A few interesting things I learned and did along the way:

Geomagnetic storms: The “Big One” might only be twice as big as what’s already hit

The second post in my series on geomagnetic storms is up on It is arguably the most important and interesting in the series. It explains why I think past storms, reaching back to 1859, were probably at most twice as strong as anything our electricity-dependent societies have experienced in recent decades—and shrugged off.

Do you remember the great storms of 1982 and 2003? I didn’t notice them either. And probably you survived the Québec blackout of 1989, which was mostly over within 11 hours. Yet maybe that last doubling in storm intensity would inflict far, far more than twice as much destruction on the grid. Or maybe the grid has become much more vulnerable since 1989, even though grid operators have learned from that experience. It’s also possible I’m wrong that doubling is the worst we should fear. For all these reasons, I still think the threat deserves more attention from researchers, industry, and governments.

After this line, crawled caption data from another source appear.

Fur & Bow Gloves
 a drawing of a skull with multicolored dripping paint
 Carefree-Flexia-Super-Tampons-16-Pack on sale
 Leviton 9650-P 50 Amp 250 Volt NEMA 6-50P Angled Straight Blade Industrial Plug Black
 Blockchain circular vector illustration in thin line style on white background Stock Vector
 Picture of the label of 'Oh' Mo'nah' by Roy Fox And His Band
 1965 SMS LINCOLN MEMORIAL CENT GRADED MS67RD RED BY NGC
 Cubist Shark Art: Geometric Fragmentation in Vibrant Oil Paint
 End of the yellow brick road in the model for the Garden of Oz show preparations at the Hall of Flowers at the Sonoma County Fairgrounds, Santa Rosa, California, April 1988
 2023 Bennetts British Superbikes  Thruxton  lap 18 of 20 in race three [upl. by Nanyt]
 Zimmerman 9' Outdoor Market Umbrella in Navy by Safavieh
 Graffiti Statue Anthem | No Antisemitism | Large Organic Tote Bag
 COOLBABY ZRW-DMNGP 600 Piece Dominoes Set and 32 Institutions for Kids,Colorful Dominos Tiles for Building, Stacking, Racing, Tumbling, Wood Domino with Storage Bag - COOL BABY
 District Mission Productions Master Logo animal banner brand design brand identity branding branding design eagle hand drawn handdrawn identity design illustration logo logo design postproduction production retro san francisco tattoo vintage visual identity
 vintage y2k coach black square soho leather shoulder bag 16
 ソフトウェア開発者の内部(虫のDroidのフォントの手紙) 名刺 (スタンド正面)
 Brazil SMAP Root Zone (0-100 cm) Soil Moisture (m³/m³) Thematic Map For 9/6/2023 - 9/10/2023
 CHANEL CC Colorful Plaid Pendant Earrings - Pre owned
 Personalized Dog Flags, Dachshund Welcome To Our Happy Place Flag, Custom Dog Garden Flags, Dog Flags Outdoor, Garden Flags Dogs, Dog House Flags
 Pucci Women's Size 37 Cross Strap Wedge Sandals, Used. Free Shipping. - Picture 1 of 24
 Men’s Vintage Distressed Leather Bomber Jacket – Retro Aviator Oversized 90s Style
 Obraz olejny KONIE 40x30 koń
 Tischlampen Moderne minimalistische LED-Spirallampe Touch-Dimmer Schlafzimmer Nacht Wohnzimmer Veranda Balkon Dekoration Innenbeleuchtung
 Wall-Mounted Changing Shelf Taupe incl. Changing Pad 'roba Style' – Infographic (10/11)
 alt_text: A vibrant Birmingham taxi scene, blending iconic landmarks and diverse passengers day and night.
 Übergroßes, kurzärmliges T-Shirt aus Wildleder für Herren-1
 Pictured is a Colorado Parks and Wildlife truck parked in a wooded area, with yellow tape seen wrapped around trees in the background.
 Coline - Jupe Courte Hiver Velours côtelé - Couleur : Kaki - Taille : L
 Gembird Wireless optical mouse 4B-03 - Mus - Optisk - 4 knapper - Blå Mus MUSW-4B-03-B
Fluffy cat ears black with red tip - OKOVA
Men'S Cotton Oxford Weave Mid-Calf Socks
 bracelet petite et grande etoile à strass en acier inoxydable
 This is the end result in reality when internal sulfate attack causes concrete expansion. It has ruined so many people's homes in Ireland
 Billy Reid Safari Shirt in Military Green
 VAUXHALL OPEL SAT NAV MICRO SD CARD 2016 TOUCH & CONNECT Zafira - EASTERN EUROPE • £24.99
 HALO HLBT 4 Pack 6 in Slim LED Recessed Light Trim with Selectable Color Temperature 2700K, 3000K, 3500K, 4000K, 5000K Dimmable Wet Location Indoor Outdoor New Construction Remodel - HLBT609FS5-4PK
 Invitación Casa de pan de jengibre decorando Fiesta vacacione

As I mentioned in my previous post, the strongest proponent for the view that the worst case is much worse, is John Kappenman, who has argued for a multiplier of 10 rather than 2. In the new post and the report, I trace this number in part to an obscure book of scientific scholarship written in 1925 by a Swedish telegraph engineer in French. The search involved talking to an electrical engineer in Finland, people at the Encyclopedia Britannica in Chicago (who were very helpful), and ordering said obscure book from a German book shop. Author David Stenquist describes how the storm of 1921 caused copper wires running into a telegraph office to melt—but not iron ones. He deduces that the storm-induced voltage on the line could not have been as high as 20 volts/kilometer. Yet through a scholarly game of telephone over the decades, this observation got turned on its head.

Below is a key section I scanned from the book’s yellowed pages. For more, read the post or the report.


Geomagnetic storms: Don’t panic

My long-promised report for the Open Philanthropy Project on geomagnetic storms is posted. (Data, code, and spreadsheets are here.) The first of a series of posts based on the report just appeared on the GiveWell blog.

This has been one of the most fun projects I’ve worked on because it slices across so many disciplines, from statistics to power engineering to astrophysics. My grasp of those subjects declines in the order listed…but I think I learned enough to reach a preliminary assessment.

The risk that a major solar cataclysm could so disrupt the earth’s magnetic field as to deprive continent-scale regions of power for years looks low to me—lower than the most attention-getting voices, almost by definition, have suggested (Pete RileyJohn Kappenman). Nevertheless, a long-term, large-area blackout would do so much harm, and the risk is so poorly studied, that it absolutely deserves more attention from researchers, industry, government, and philanthropies. My preliminary risk assessment could be wrong.

I just discovered that an elite, independent scientific advisory group for the US government arrived at a similar conclusion in 2011.

It follows that the most emphatic analysts, even if they have overshot, have done a service by drawing attention to the issue. This is for me a familiar paradox.